A potential pitfall with ‘climate campaigns’ is that both the problem and the system by which it can be influenced, are effectively unbounded. Failure to find a bounded ‘case’ to work on, leaves campaigns vulnerable to being ‘framed out’ by opponents. For instance where a retailer under pressure redefines the issue as one of consumer choice.   Or for example where a local politician is asked to take action on a source of carbon emissions, and they are able to displace responsibility to a national level. Or where a national government can frame it upwards to ‘international negotiations’. This is why city-wide climate campaigns aimed at Mayors with city-wide powers, have often proved more effective than those aimed at national governments.

In this case the loop of responsibility between those in whose name the shares are held (the students), and the power to decide the content of the portfolio (lying with the university governing body), is a short and tight one. The administration and the ruling academics are usually on campus in the same place as the students. They see one another regularly, they can talk to one another, and it’s hard to avoid one another.   In many ways they also share very direct inter-dependencies, so there is a social incentive to reach agreement. Nobody else is much involved.   This is very different from the relationship between voters and a national government.

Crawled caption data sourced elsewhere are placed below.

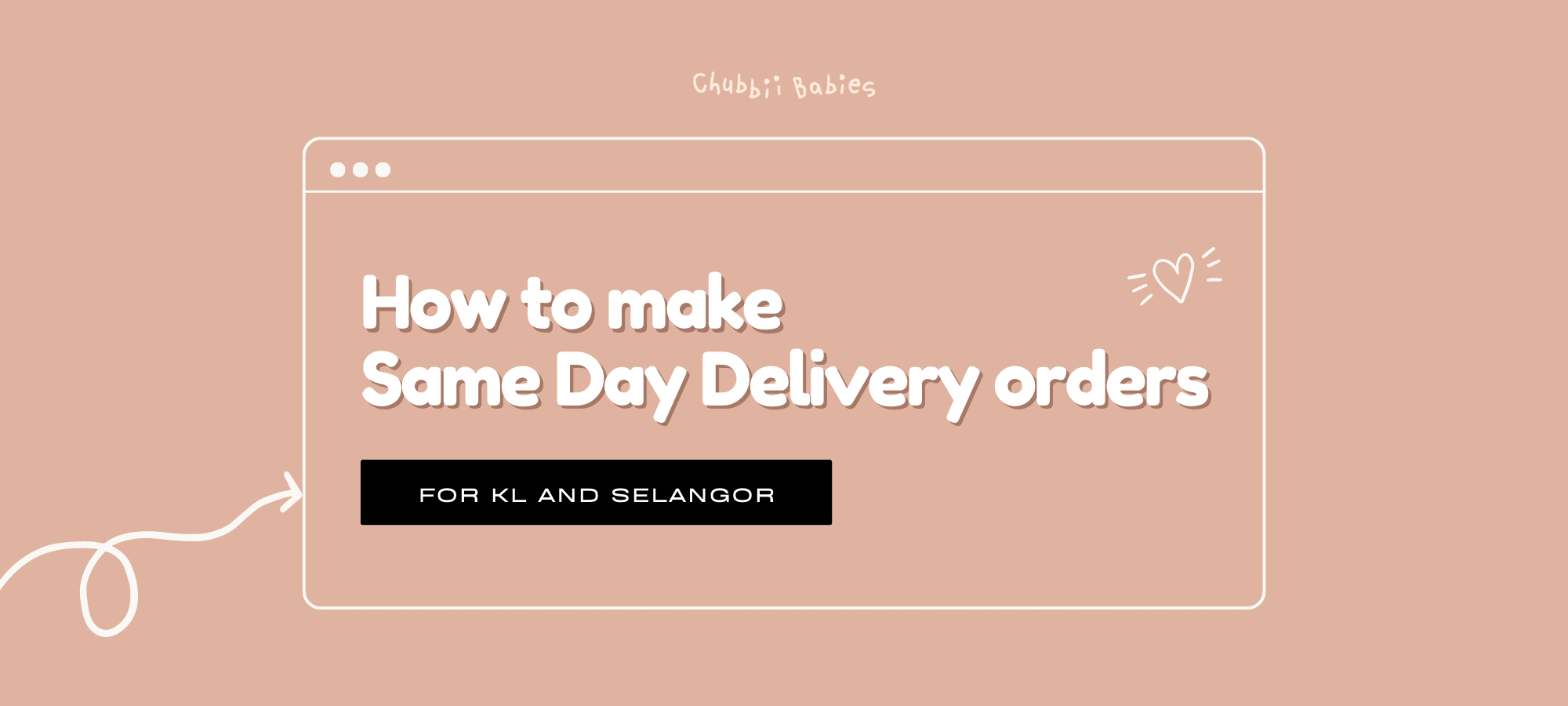Same Day Delivery: A Step-by-Step Guide for KL and Selangor Customers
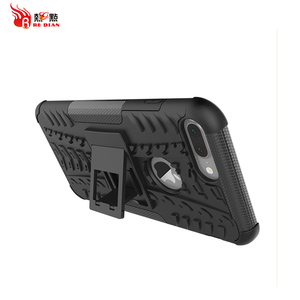 Caso completo de protección del teléfono a prueba de golpes PC TPU duro híbrido para Iphone8 más - Product Image 3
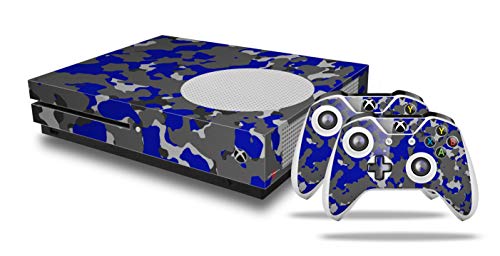 WraptorSkinz Decal Vinyl Skin Wrap Compatible with Xbox One S Conso...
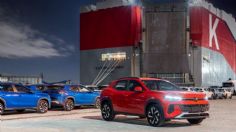 VW Tera, la nueva SUV ya se está exportando a México, también a otras regiones del mundo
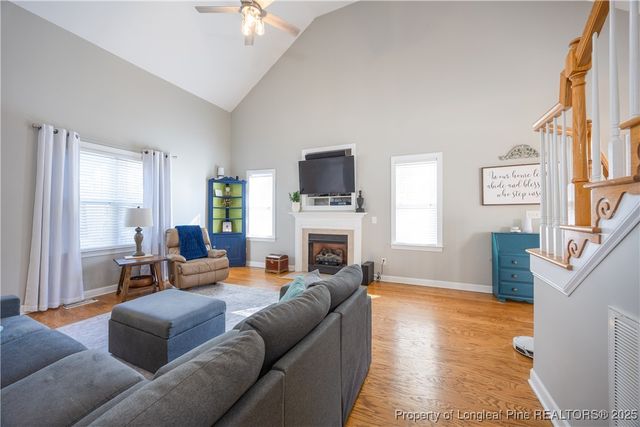 139 Bounty Circle, Angier, NC 27501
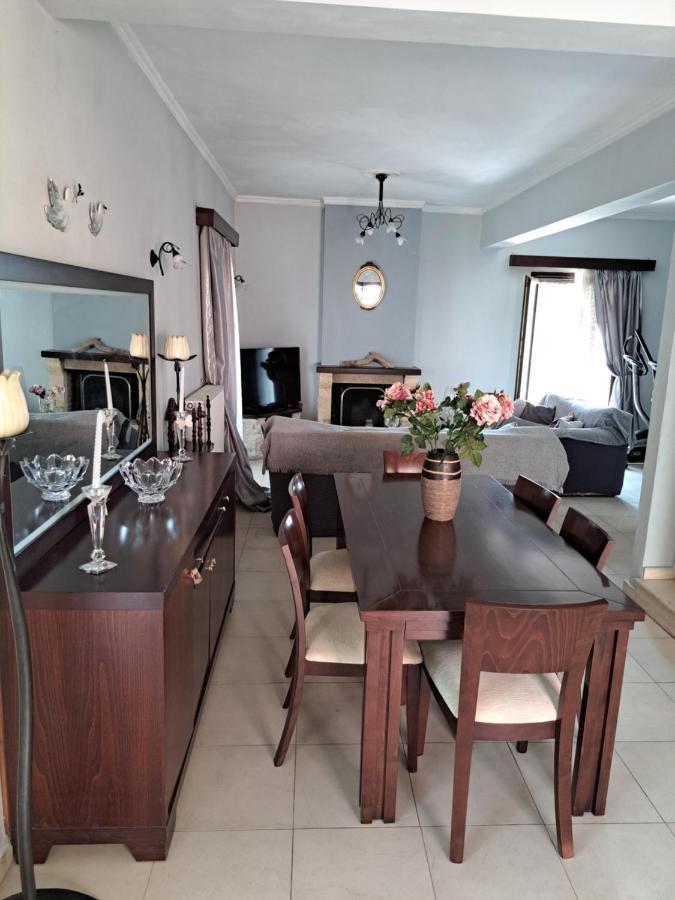 Corfu Maisonette House Alepou المظهر الخارجي الصورة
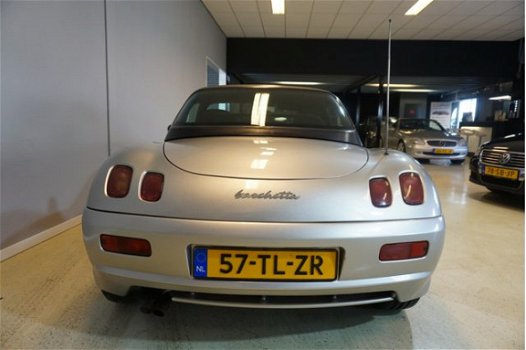 Fiat Barchetta - 1.8-16V Edizione2000 - 1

As a result, there isn’t much ‘long grass’ to kick the decision into. If campaign appeals are rejected (and it seems many are not being totally rejected), there is a good prospect that it is worth having another go (values expectancy).

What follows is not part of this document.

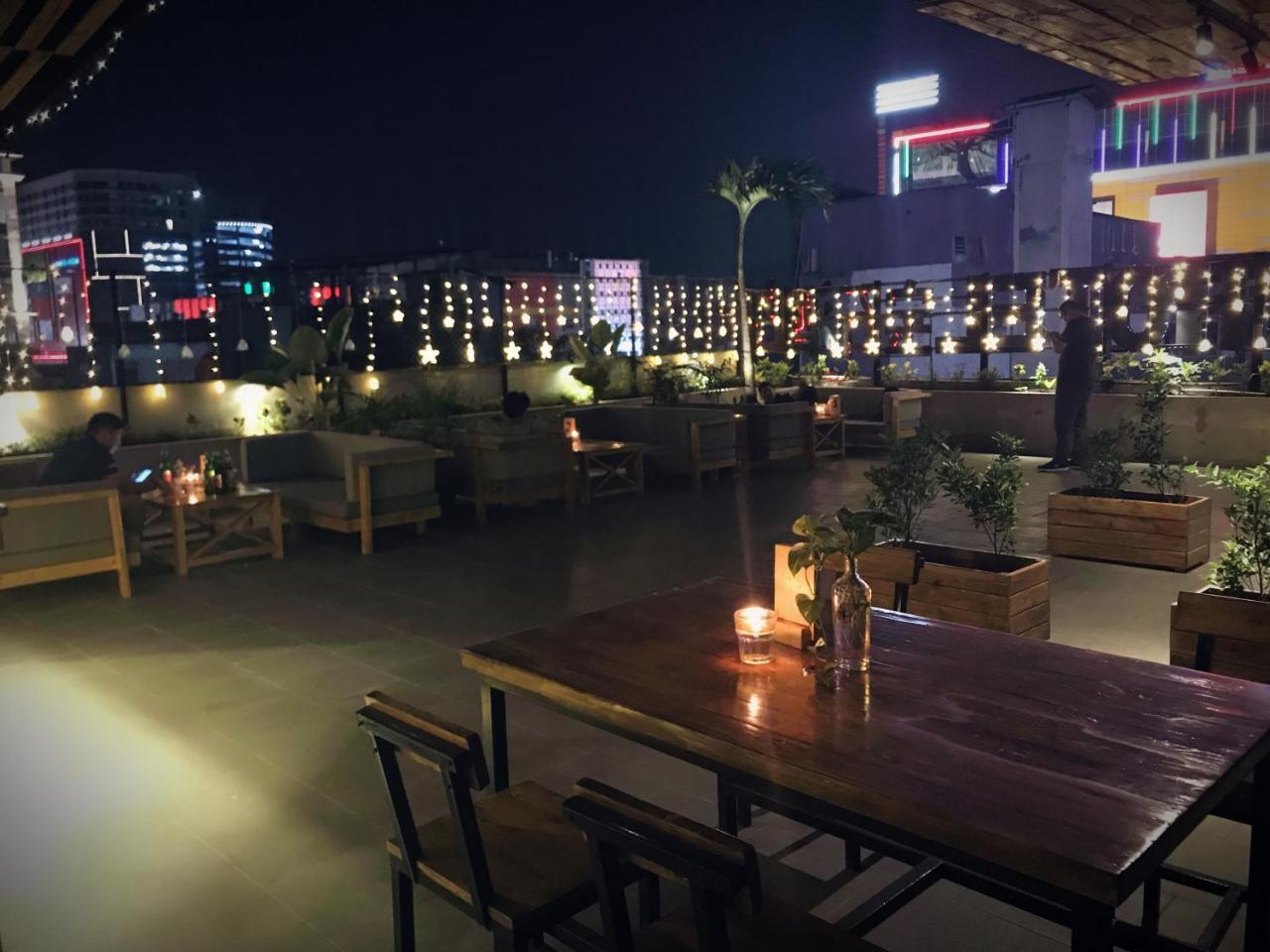 Mustika Gajah Mada Hotel Jakarta Exteriér fotografie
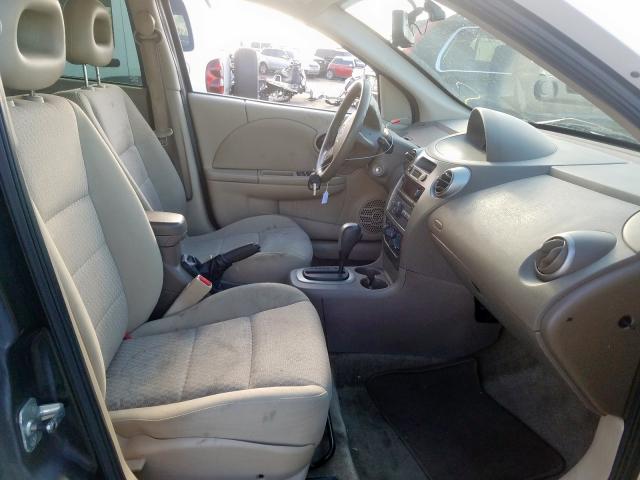 1G8AJ55F96Z117036 - 2006 SATURN ION LEVEL 2  photo 5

The audience is also available. Students may work hard but they are consistently socially accessible and have the time for such campaigns in a way that many other people do not.

Even better, it’s not “their own” money that is being moved, in the sense that they can’t convert it to cash and spend it. It’s an investment in trust, designed to help everyone in the college community , not money that could be released for other purposes such as a holiday.

4. Vertical Integration

Some ‘climate campaigns’ are conceptualised, delivered and communicated solely at the personal behaviour or maybe street or community level.   While very satisfying to some, especially if applied to something we have heavily invested in (eg our house), to those driven by the ‘big picture’, this can seem disappointingly small beer. (Universities of course tend to be full of people who love big picture thinking and students tend to have few personal assets to which they can apply their values). Others succeed in embracing and communicating the big picture problem and big solution (eg via mass marches or twitter actions communicating slogans) but fall dispiritingly short when they come to action that delivers real world change.

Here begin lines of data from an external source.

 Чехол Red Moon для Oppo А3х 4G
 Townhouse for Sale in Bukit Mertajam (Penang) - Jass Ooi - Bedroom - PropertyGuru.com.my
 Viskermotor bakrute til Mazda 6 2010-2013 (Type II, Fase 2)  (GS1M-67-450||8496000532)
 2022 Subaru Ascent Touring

The divestment campaigns have vertical integration, from the grass roots of the lawn outside the University Administration, to the world of international oil finance. It’s a force-multiplier and a strong cocktail of self-agency.

5. Keeping Options Open

Finally, at this juncture, divestment campaigns help keep open the window for NGO campaigners to decide which strategies to adopt after ‘Paris’.

The politics, social and economic dynamics of the ‘climate issue’ are currently in such rapid flux that it makes little sense for campaign groups to make hard and fast decisions now, about what to do with their very limited resources after Paris. In conditions of great uncertainty, or rather ‘incertitude’ where not all relevant probabilities can be known, an important test of a strategy is whether it will do any harm by closing off future options.

However big or numerous the disinvestment projects get, there is little danger that the effort will be wasted as a result of what happens in the next months, and they can probably neatly segue into whatever else needs to be done, and not just in the area of energy finance.

An obvious short-term target is divestment by the Catholic Church. Just what is that organisation really doing to act on the Pope’s Encyclical, either in terms of greening its own electricity or divesting from fossil fuels ? So far it seems to have been given an easy ride by media and campaigners suitably awe-struck by the very existence of the Encyclical. It’s pretty much a ‘banker’ that the actions of the Catholic Church will remain full of campaign potential beyond Paris.

Under-estimating What’s Possible

Likewise, the clearest risk for ‘Paris’ is probably that politicians do too little because they under-estimate what’s possible. As governments prepare for the big meeting, the climate “maths” and the climate-realities look worse than the official versions.   At the same time, country commitments, actual emission reductions and decarbonization are all going better than many expected. Conventional political wisdom had it that changing our energy system would be a slower, more gradual, costlier and more painful process. So, by working on out-dated assumptions, politicians and officials may under-estimate what can be done, and then decide to under-state the risk and urgency to fit, and so do too little to be effective.

In so far as divestment can help change this by giving a sense of opening political space, it’s a plus. Divestment campaigns achieve this through by-passing the political system but an even bigger prize will be if they also create a body of financially literate activists who can help fix the politics.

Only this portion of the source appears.